WHAT TO DO => Below are lines of data, and only some are wanted. Please repeat exactly those from the line that has "CM12A Active Wedge Speaker 300Wrms inc. BT" through the line that has "654: Zach Barbieri: Mina".

INFORMATION SUPPLIED =>
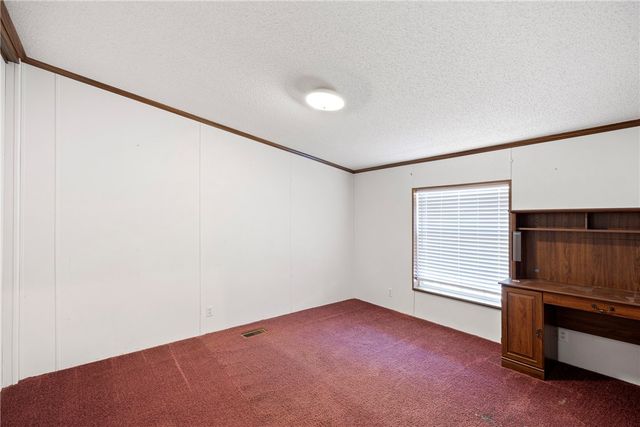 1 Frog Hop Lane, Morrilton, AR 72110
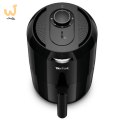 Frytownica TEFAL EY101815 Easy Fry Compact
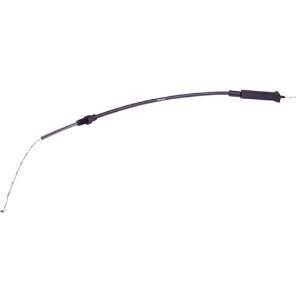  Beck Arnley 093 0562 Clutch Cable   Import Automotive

* * *

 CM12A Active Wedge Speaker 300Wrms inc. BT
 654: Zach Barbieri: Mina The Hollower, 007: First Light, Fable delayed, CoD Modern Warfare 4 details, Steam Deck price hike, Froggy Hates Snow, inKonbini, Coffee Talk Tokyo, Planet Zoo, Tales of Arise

RESULT OF THIS EXERCISE =>
 CM12A Active Wedge Speaker 300Wrms inc. BT
 654: Zach Barbieri: Mina The Hollower, 007: First Light, Fable delayed, CoD Modern Warfare 4 details, Steam Deck price hike, Froggy Hates Snow, inKonbini, Coffee Talk Tokyo, Planet Zoo, Tales of Arise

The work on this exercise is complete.